In the 1960s, counterculture blossomed. Now teens, the kids born after World War II rebelled against tradition, and America was changing thanks to the women's movement, the civil rights movement, a sexual revolution, and the Beatles. Everything from fashion to home decor became more dynamic, graphic, and colorful.

"There's a playful aspect to the 1960s," Gatlin says. "This era sees the rise of the individual, so you see a lot of personalization and self-expression in decor." Lava lamps, paisley prints, and color palettes featuring fuchsia, tangerine, neon orange, and bright green all make an appearance.

To accommodate a baby boom, families sought larger homes. Split-level houses began to appear in the suburbs, allowing more living space to be packed into a tighter footprint. By the end of the decade, the average house size creeps up to 1,500 square feet.

Homes had an airy feel with open shelving and floating staircases. "Instead of solid walls, you see screens or shelves used to divide spaces," Gomez-Lanier says. "The effect is to make houses more transparent, more open to the outdoors."

There's a playful aspect to the 1960s. This era sees the rise of the individual, so you see a lot of personalization and self-expression in decor.

Furniture made of Lucite, fiberglass, and colored plastics—inspired by the Panton chair and the Ball Chair—was mass-produced, affordable, and intended to be tossed out as soon as it was no longer fashionable. Designers also used wood, metal, and glass to produce sleek, lightweight pieces like coffee tables and bureaus with simple shapes and tapered legs. "The materials designers were using to make mainstream furniture were much more innovative," Gomez-Lanier says.

America's continuing economic prosperity drove tastes, too. "Matching furniture is big in the '60s because it was a status symbol to show you could afford to buy an entire roomful of furniture at one time," Gatlin says.

Hippies and counterculture rose in opposition to the Vietnam War, influencing interior design. Graphic floral patterns inspired by the peace movement's flower power theme appeared on wallpaper, upholstery, rugs, and curtains. Vibrant colors and patterns influenced by Morocco and India showed up on accessories, influenced by the Beatles' White Album era. However, all that groovy peace and love stemmed from something less than sunny. "Anxiety about the Cold War and the Vietnam War inspires a longing for nature and the outdoors," Gatlin says.
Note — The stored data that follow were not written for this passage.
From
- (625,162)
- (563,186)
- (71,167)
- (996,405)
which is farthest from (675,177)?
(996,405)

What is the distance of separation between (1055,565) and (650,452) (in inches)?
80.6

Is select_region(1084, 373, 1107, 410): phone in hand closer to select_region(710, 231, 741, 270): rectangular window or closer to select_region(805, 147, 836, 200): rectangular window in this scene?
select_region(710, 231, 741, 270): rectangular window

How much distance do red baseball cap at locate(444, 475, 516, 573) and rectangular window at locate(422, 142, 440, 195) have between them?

By the end of the decade, we put a man on the moon, but America's love of all things futuristic and machine-made begins to waver, setting the stage for a new era.

Self-expression was the driving ethos of the 1970s. Called the "Me Decade" by novelist Tom Wolfe, it was a time of shag carpet, houseplants, wicker furniture, and avocado-green appliances.
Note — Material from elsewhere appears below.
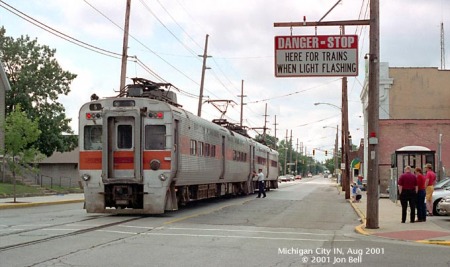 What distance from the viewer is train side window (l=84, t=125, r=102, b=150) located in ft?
61.2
This inward turn was in part a reaction to bad news. An energy crisis had Americans waiting in line for gasoline, inflation soared, we lost the Vietnam War, and Ohio's Cuyahoga River was so polluted it caught fire in 1969. The environmentalism movement was born with the first Earth Day in 1970.

These events had a profound effect on interior design. "People start bringing in indoor plants and going for earth tones to feel one with nature, to ameliorate the anxiety of what was happening," Gatlin says. However, there was also an attitude of melancholy, says Gomez-Lanier. Americans fell out of love with machines and the future, instead embracing nature and a romanticized past.

Maximalism replaced the clean lines of modernist furniture and finishes that had reigned for generations. Houseplants, woven textiles, and macramé owls—many handmade—filled homes. "People wanted to express themselves creatively, so they made simple objects for fun," Gatlin says. "We were nostalgic for the days when we made items ourselves instead of buying everything off an assembly line."

The bright hues of the previous decade gave way to colors inspired by nature: gold, green, burnt orange, and brown. Nature-inspired finishes like stone, granite, and wicker were also popular. Many houses built in the 1970s had massive, rough-hewn stone fireplaces or stone exterior siding. Wood paneling hit peak popularity, the shiplap of its day.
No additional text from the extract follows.